The task
Copy the listing below letter for letter, passing over each picture.

Given material
= Beginning of Section =
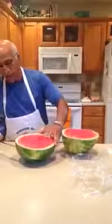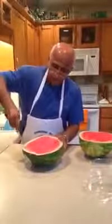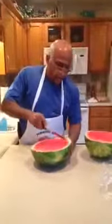Cut it in half, then go right on the side and cut it on the side like that. Then separate the flesh, go crossways like this, and then this way.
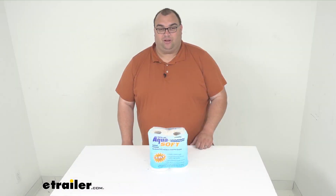Well folks, that will wrap it up for our look today at the Thetford AquaSoft RV and marine toilet tissue. I'm Steve, thanks for watching.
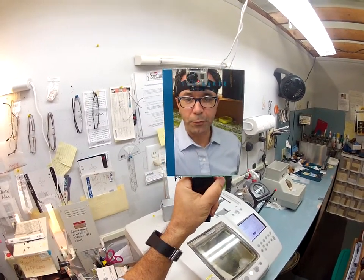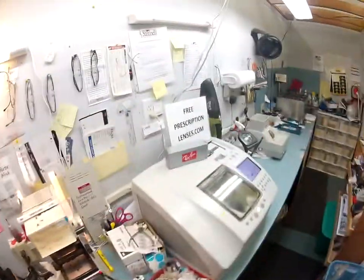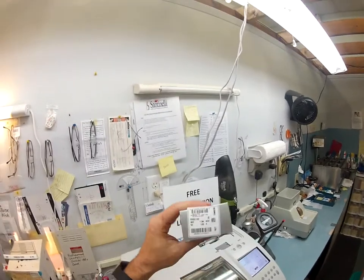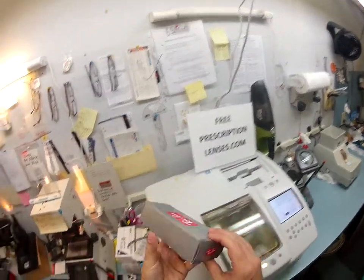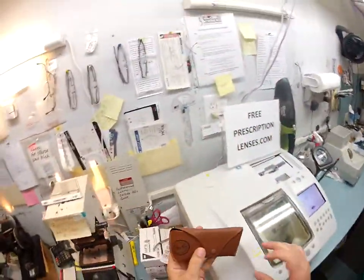Okay Laura, this is Matthew here with freeprescriptionlenses.com, and with the help of my GoPro camera I'm gonna show you how I cut prescription lenses for your Ray-Ban 2132 color 902, which is the tortoise. Let's get to work — we've got a lot of ground to cover because I actually want to show you how your transition lenses darken.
= End of Section =
Your solution
Cut it in half, then go right on the side and cut it on the side like that. Then separate the flesh, go crossways like this, and then this way.
Well folks, that will wrap it up for our look today at the Thetford AquaSoft RV and marine toilet tissue. I'm Steve, thanks for watching.
Okay Laura, this is Matthew here with freeprescriptionlenses.com, and with the help of my GoPro camera I'm gonna show you how I cut prescription lenses for your Ray-Ban 2132 color 902, which is the tortoise. Let's get to work — we've got a lot of ground to cover because I actually want to show you how your transition lenses darken.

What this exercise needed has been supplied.